Map of population growth. Courtesy Maxxi

Such contemporary, explorable, comparable image perhaps makes the second section of the exhibition less disruptive: the one devoted to historical, literary, and artistic imaginaries, to that very mythology mentioned at the outset – still, revisiting Martin Parr and rediscovering Freud’s reading of Rome as a psychic metaphor remains significant. Visitors are then led to a large terracotta model of the city at 1:7.500 scale, onto which data from its present are projected. Il DNA di Roma (Rome’s DNA), the title reads.

Ararat, Rome. Photo: © Lorenzo Romito

DNA is also the starting point for the other exhibition, at the MACRO, but this time it is the DNA of a struggle (Il DNA di una lotta): the struggle for housing in a capital that, since 1870, has represented a real challenge, now addressed at a 1:1 scale. Abitare le rovine del presente (Inhabiting the Ruins of the Present), curated by Giulia Fiocca and Lorenzo Romito (Stalker), originates from a project presented for the Austrian Pavilion at the 2025 Venice Architecture Biennale. Here too, the central element is a helix, both a DNA strand and a spiral column, like Trajan’s Column, on which artist Jessi Birtwistle replaces the conquest of Dacia with a century and a half of occupations and settlement practices that have shaped the profoundly plural identity of Rome’s habitat.

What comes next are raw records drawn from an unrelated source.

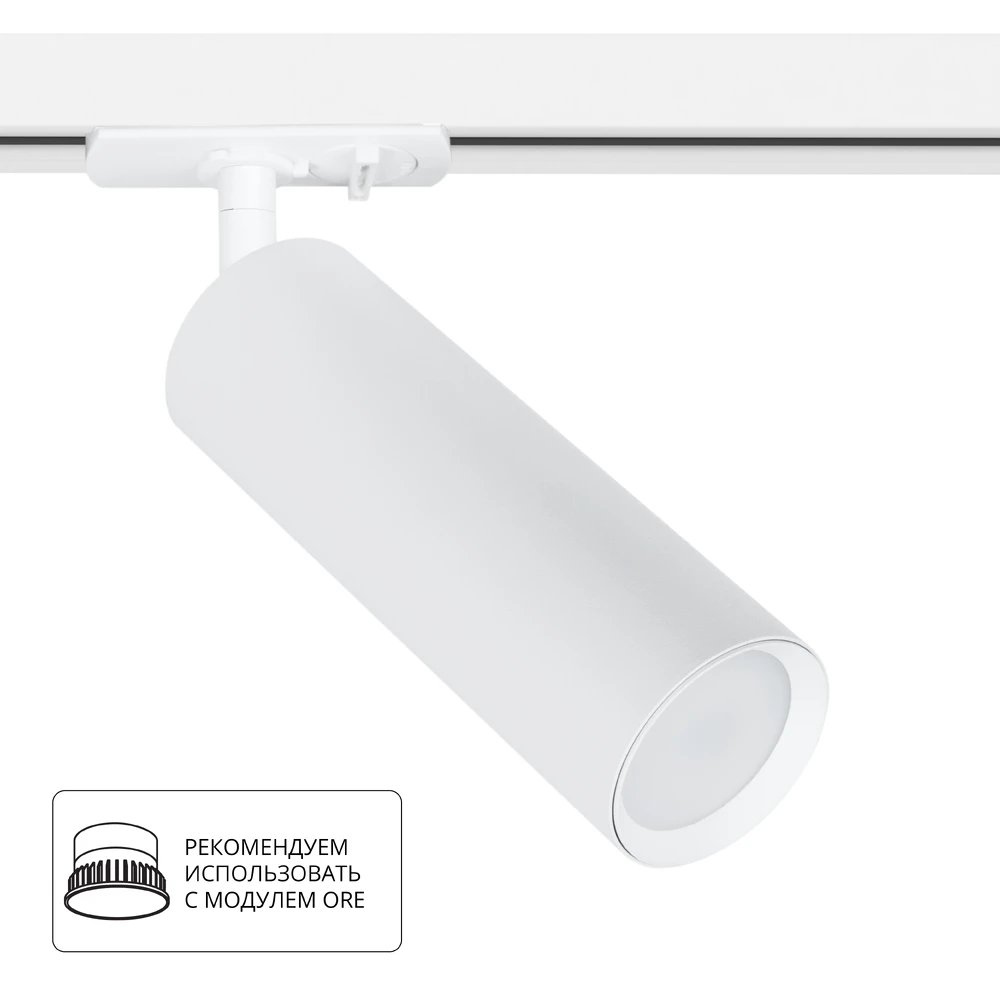 Трековый светильник Arte Lamp BEID A1515PL-1WH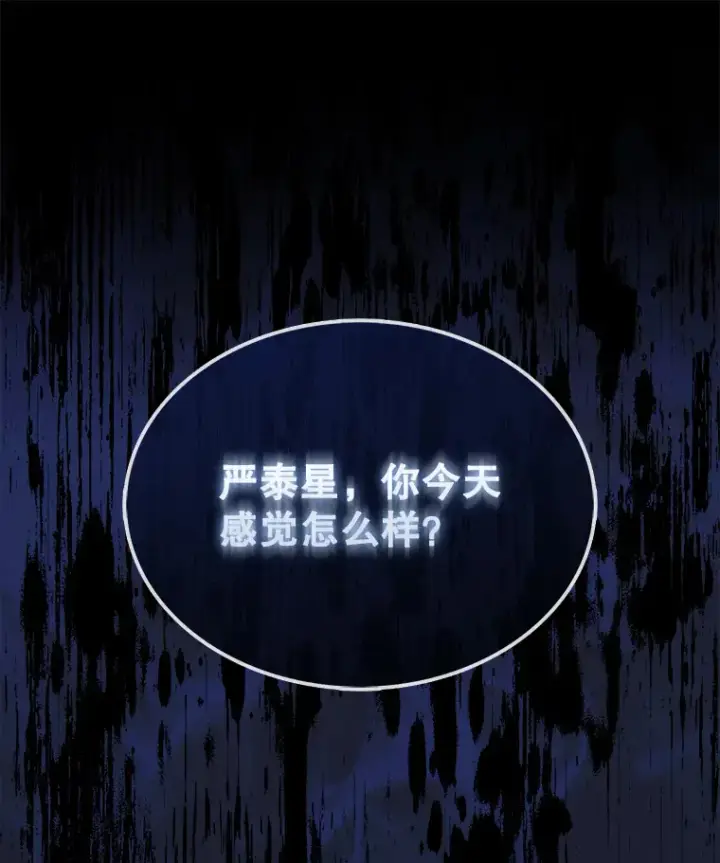 《配角太强了》新作来袭图4
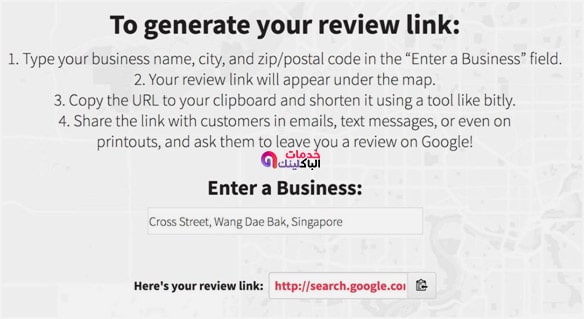 Whitespark’s Google Business Review Link Generator
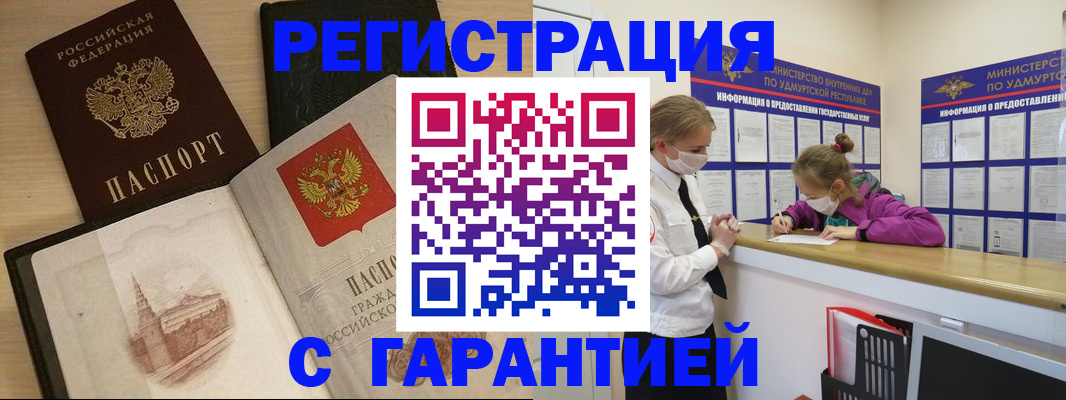 временная регистрация госуслуги в Рыбном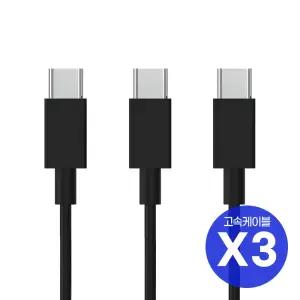 [3개입] C to C타입 PD PPS 초고속 충전 케이블 1.5M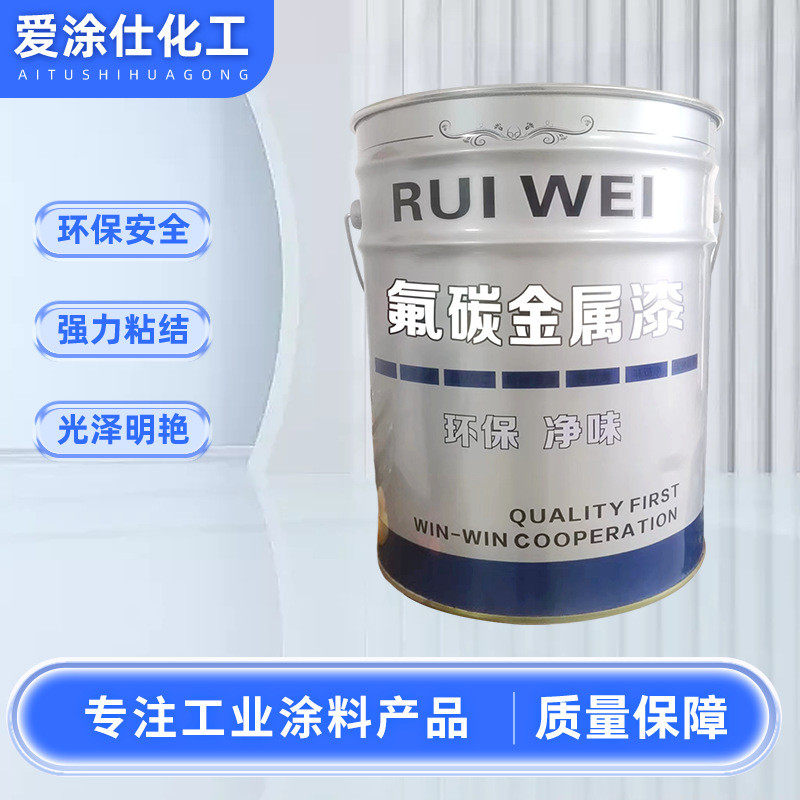 金属面漆防腐防锈氟碳油漆彩钢瓦翻新漆户外栏杆镀锌管防腐金属漆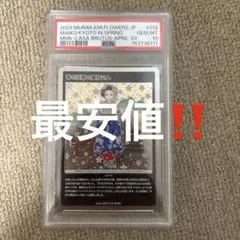 SA】舞妓さんと花見小路通 村上隆 2025 ふるさと納税限定 - メルカリ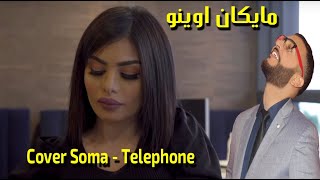 Adil Elkhouad  Cover  Soma - Telephone (Clip Officiel) | 2020 | سومة - تيليفون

The surprising nature of these two exhibitions lies in their ability to take Rome out of its own cultural box, making its present perceptible even from the outside.

The narrative begins with late nineteenth-century speculation, moves through the demolitions and forced relocations to peripheral housing estates during the Fascist era, then the explosive postwar urbanization, between INA-Casa projects and shantytowns that struggled to disappear until the 1970s, when space was made not so much for solving the problem as for transforming it.
One of the exhibition rooms is organized around a wooden installation – a scale model of Corviale – and a large map, which together narrate those “ruins of the present”: areas or buildings left behind by a time in motion, where the creativity of urban populations has given rise to experiments that, over the years, have consolidated into vital parts of the city itself.


There are stories of interspecies habitation, such as the former Mercati Generali, redesigned and masterplanned multiple times since 2002 but never transformed, now renaturalized; and the lacustrine ecosystem that has formed around the waters of the Lago Bullicante. There are transformations that are now fundamental to Rome’s response to a nearly chronic housing crisis, such as Spin Time, the occupation of the former INPDAP headquarters in Esquilino area, now divided between residential use and cultural service spaces for the city. What emerges is a snapshot of a present-future which is far from being any tension-free, once again situating Rome within a dynamic unfolding at global level: the risk of evictions and clearances in Italy has become extremely high, already materializing in Milan and Turin; beyond the national context, even in different forms, the exclusionary action of the neoliberal city toward less privileged segments of the urban population persists.

Lake Bullicante, Demonstration against deforestation by landowners, Rome, 2021. Photo: © Pierre Kattar

The surprising nature of these two exhibitions lies in their ability to take Rome out of its own cultural box, making its present perceptible even from the outside, despite adopting curatorial and exhibition languages that appear to come from opposite galaxies – and from clearly identifiable periods: early-2000s data visualization on one hand, and the situationist, “informal” activism of late-millennium bottom-up practices on the other.

These languages too, like the content they convey, are Rome. They are its history, and they allow that history to be placed in a forward-looking perspective rather than one overly fixed on the past, beyond Forums and Trajan’s Columns.